Start of Dataset section

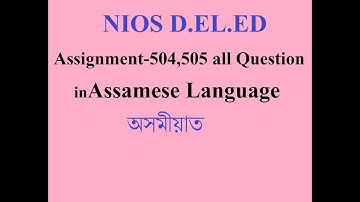 NIOS D.EL.ED ASSIGNMENT 504,505 ALL QUESTION IN ASSAMESE LANGUAGE,অসমীয়াত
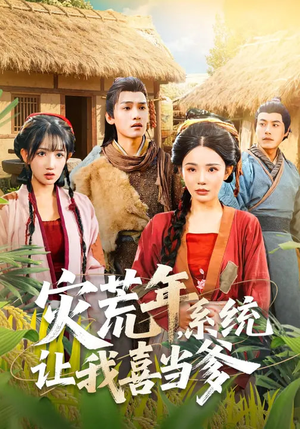 灾荒年，系统让我喜当爹（89集）今日热门短剧推荐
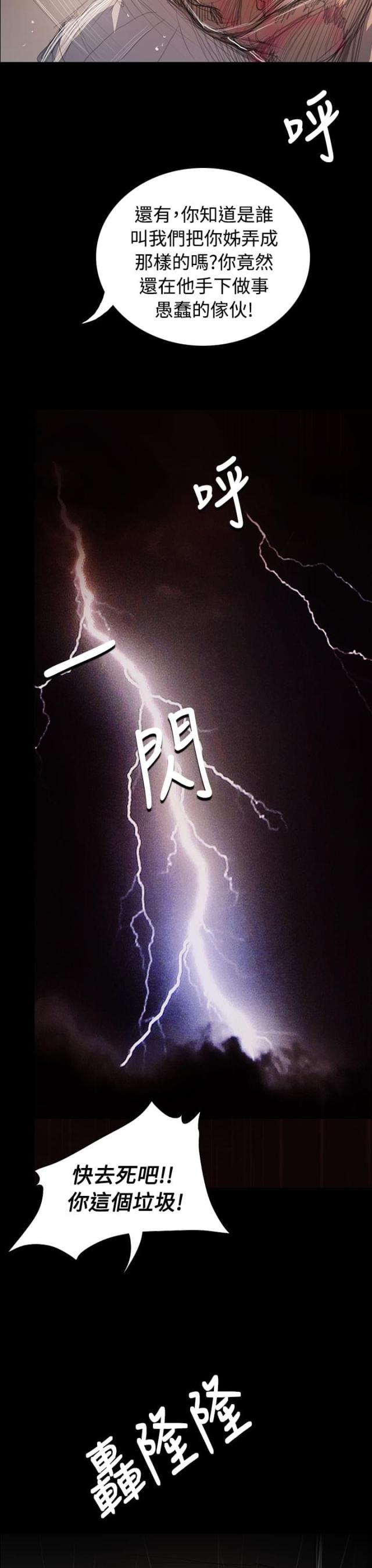 第104话11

End of Dataset section

▸ **What the task requires**:
Please copy the data above exactly; the pictures do not belong in the copy.

▸ **Output of the task**:
 NIOS D.EL.ED ASSIGNMENT 504,505 ALL QUESTION IN ASSAMESE LANGUAGE,অসমীয়াত
 灾荒年，系统让我喜当爹（89集）今日热门短剧推荐
 第104话11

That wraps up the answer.